Dass der begehrte Schlüssel ein MacGuffin ist, also ein mehr oder weniger beliebiges Objekt, das die Handlung vorantreibt, steht außer Frage. Was er zu entsperren vermag, weiß (bisher) niemand. Interessant ist allerdings die abtrünnig gewordene KI, die damit in Verbindung steht und zum eigentlichen Gegner wird: Die sogenannte „Entität“ hat es offenbar auf die weltweiten Nachrichtendienste abgesehen, um Chaos zu stiften und eine Welt der Lügen zu schaffen. Obwohl ihr genaues Motiv am Ende von Dead Reckoning 1 noch im Unklaren bleibt, liefert McQuarrie keinen Film, der Eigenständigkeit vermissen lässt und nach dem Seifenoper-Prinzip an der fiesesten Stelle aufhört.

Vielmehr ist dieser Film der derzeitige Goldstandard der Suspense-Unterhaltung. Wenn eine Atombombe entschärft werden muss, indem es diverse Rätsel zu lösen gilt, oder ein quietschgelbes Mini-Auto durch Straßen und über Treppen rast, ist die Mischung aus Action, Spannung und Humor perfekt. Nahkämpfe in einer engen, abgeriegelten Gasse, auf einer einsamen Brücke oder auf dem Dach eines fahrenden Zuges sind virtuos in Szene gesetzt.

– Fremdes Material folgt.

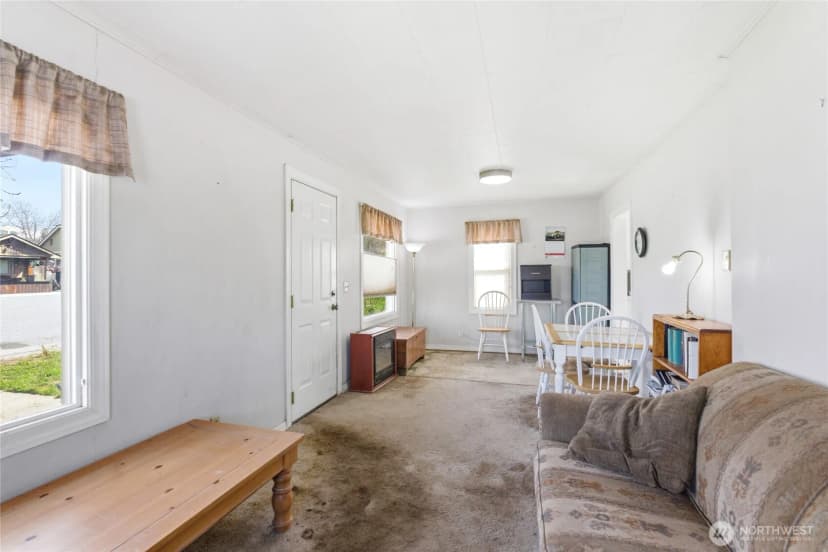 Property photo for 626 Highland Drive, Wenatchee photo 3
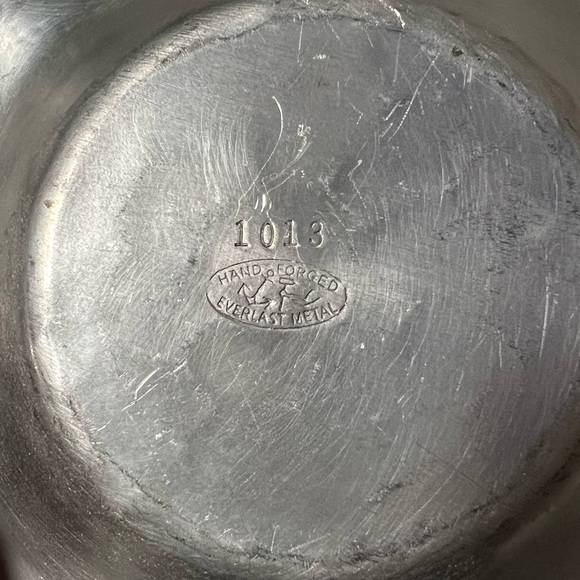 Hand Forged Everlast Metal 1013 Aluminum Dish - Picture 4 of 8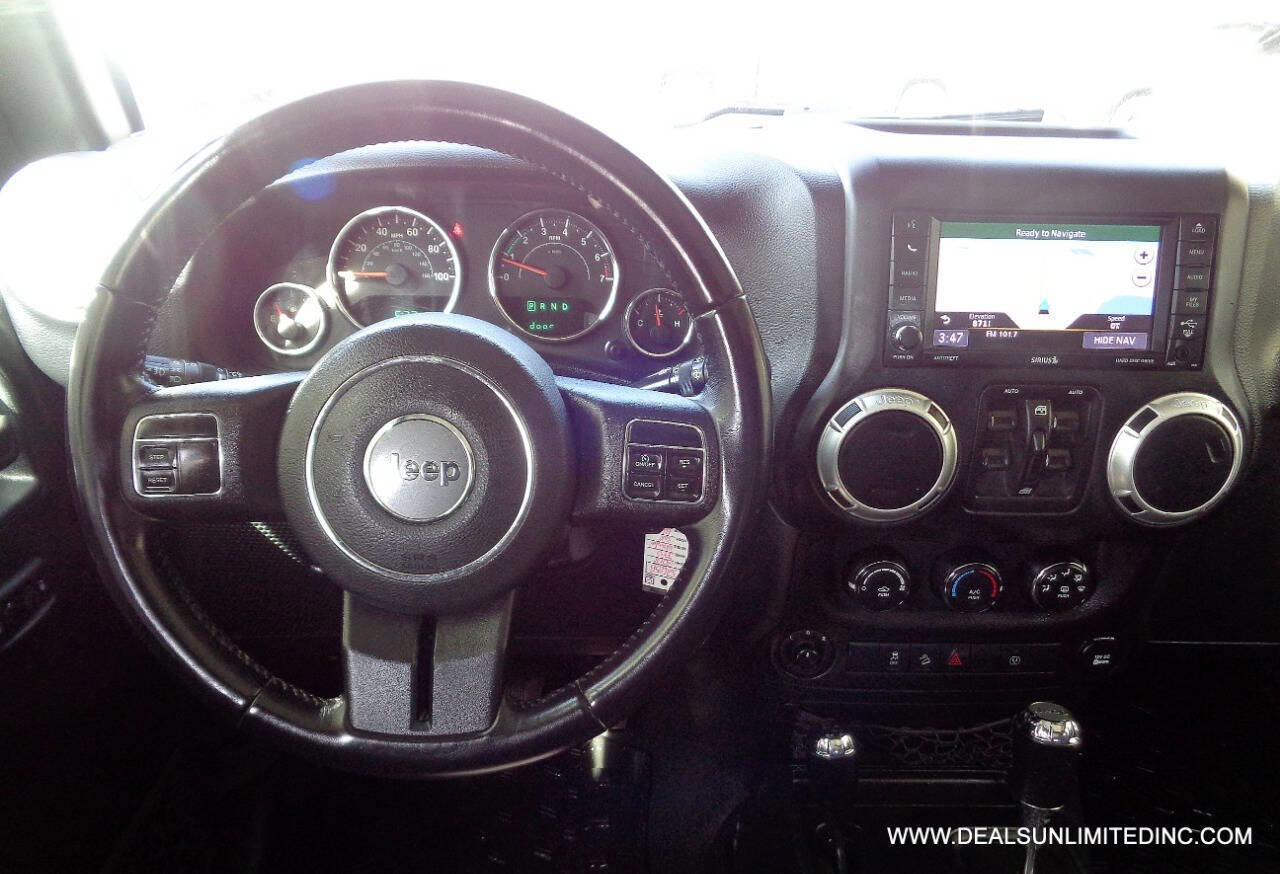 Used 2018 Jeep Wrangler Unlimited Sahara image 9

Und bei alldem gelingt es, dem Geschehen durch die Figuren eine Seele zu verleihen. „Wer oder was ist dir am wichtigsten?“, wird als Frage in den Raum geworfen. Für Benji sind es seine Freunde. Wir sehen Menschen, die sich „auf ihre Weise“ nah sind, wie es Luther an einer Stelle auf den Punkt bringt. Von der zärtlichen Vertrautheit zwischen Hunt und Ilsa bis zu den Screwball-Funken zwischen dem Protagonisten und der neu hinzugekommenen Grace – hier wird nicht einfach nur ein Spektakel abgefeuert, sondern großes, lustvolles Genrekino mit allen nötigen Zutaten geboten.

Mission: Impossible – Dead Reckoning Teil eins (2023)

In „Mission: Impossible – Dead Reckoning Teil eins“ starten Ethan Hunt (Tom Cruise) und sein IMF-Team ihre bisher gefährlichste Mission: Sie sollen eine furchterregende neuartige Waffe, die die gesamte Menschheit bedroht, aufspüren, bevor sie in die falschen Hände gerät. Während die Zukunft und das Schicksal der Welt auf dem Spiel stehen und die dunklen Mächte aus Ethans Vergangenheit ihn wieder einzuholen drohen, beginnt ein tödlicher Wettlauf um den gesamten Globus. Konfrontiert mit einem mysteriösen, allmächtigen Feind muss Ethan erkennen, dass nichts wichtiger sein kann als seine Mission – nicht einmal das Leben derer, die ihm am meisten am Herzen liegen.